Ich rufe auf den Tagesordnungspunkt 14: Beratung des Antrages der Fraktionen der PDS und SPD – Resolution – Krieg im Irak verhindern, Drucksache 4/257.
Frau Präsidentin! Meine sehr verehrten Damen und Herren! Im Januar vor zwölf Jahren brach ein Wüstensturm los – Wüstensturm, so nannte sich der Angriff der USA und ihrer Verbündeten gegen den I r a k –, der zweite Golfkrieg. Der erste Golfkrieg fand elf Jahre davor statt. Der Irak griff den Iran an, unterstützt und aufgerüstet von den USA, von Frankreich, der Sowjetunion und den Golfstaaten. Und nun stehen wir vor der Gefahr eines dritten Golfkrieges. Der Verbündete des Jahres 1980 ist heute wie 1991 der Feind. Doch bei einem Krieg gegen den Irak geht es heute wie 1991 nicht vordergründig darum, Saddam Hussein zu entwaffnen. Im „Spiegel“ vom 13. Januar diesen Jahres wird PulitzerPreisträger und „New York Times“-Kolumnist Thomas Friedman zitiert. Er sagt: „Hören wir auf, der Welt Blödsinn zu erzählen. Ja, es geht ums Öl. Das Verhalten von Bushs Team ist nicht anders zu erklären.“ Erdöl, die weitere Durchsetzung der neuen Weltordnung, Kontrolle des Nahen und Mittleren Ostens, das sind die strategischen Ziele.
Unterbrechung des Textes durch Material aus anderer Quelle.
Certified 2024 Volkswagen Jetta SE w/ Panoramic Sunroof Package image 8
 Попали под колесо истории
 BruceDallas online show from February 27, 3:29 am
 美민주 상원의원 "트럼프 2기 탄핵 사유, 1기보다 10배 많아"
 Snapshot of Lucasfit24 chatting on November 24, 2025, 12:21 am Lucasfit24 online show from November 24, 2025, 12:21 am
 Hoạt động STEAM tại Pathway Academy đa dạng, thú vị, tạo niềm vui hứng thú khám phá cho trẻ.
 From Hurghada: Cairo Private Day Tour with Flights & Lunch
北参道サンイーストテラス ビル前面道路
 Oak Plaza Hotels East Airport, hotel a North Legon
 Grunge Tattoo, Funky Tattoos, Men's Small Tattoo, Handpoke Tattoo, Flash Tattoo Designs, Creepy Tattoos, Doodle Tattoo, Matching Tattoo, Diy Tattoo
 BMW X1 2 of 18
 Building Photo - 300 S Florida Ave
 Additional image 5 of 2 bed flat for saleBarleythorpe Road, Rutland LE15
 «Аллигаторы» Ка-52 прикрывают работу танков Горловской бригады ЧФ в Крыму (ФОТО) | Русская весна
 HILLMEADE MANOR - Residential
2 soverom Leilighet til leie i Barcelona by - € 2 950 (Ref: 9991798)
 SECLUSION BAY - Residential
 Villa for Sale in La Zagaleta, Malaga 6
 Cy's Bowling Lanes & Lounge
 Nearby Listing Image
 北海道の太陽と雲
Keine Frage, meine sehr verehrten Damen und Herren, Saddam Hussein muss die ihm auferlegten Pflichten erfüllen. Massenvernichtungswaffen müssen abgerüstet werden. Daran besteht kein Zweifel, aber auf friedliche Weise. Die Arbeit der UN-Inspektoren muss zu Ende geführt werden. Die Ablehnung eines Krieges gegen den Irak bedeutet nicht, die Notwendigkeit eines Regimewechsels in Frage zu stellen. Wir lehnen die Diktatur Husseins ab.
Das seit 1979 unter der Ägide von Saddam Hussein etablierte politische Herrschaftssystem hat sich wegen seiner extremen Demokratiefeindlichkeit und der verübten Menschenrechtsverletzungen bis hin zu Giftgaseinsätzen gegen die eigene kurdische Bevölkerung national wie international selbst ins Abseits gestellt. Der notwendige Regierungswechsel und eine damit verbundene tragfähige demokratische Alternative sind die nicht unproblematischen Aufgaben des irakischen Volkes und dessen demokratischer Oppositionskräfte. Krieg löst diese Probleme nicht. Krieg ist das Problem!
Krieg beseitigt keine Diktaturen. Der Krieg gegen den Irak ist eine Fackel, die in das Pulverfass Naher und Mittlerer Osten geschleudert wird. Die Explosion wird auch Europa treffen. An die Stelle der Stärke des Rechts tritt das Recht des Stärkeren.
Auch in Auseinandersetzung mit meiner eigenen Vergangenheit weiß ich heute, dass die Lehre von den gerechten und von den ungerechten Kriegen falsch ist. Krieg gehört nicht in die Politik, denn er ist ihr Versagen.
Meine sehr verehrten Damen und Herren, viele Menschen fürchten sich vor einem Irakkrieg, aber nur wenige Menschen werden entscheiden, ob der Krieg geführt wird. Millionen Menschen lehnen weltweit diesen weiteren Krieg ab. Aus dieser Ablehnung muss noch mehr als bisher Widerstand werden, nur so könnte ein neuer Krieg vielleicht noch verhindert werden.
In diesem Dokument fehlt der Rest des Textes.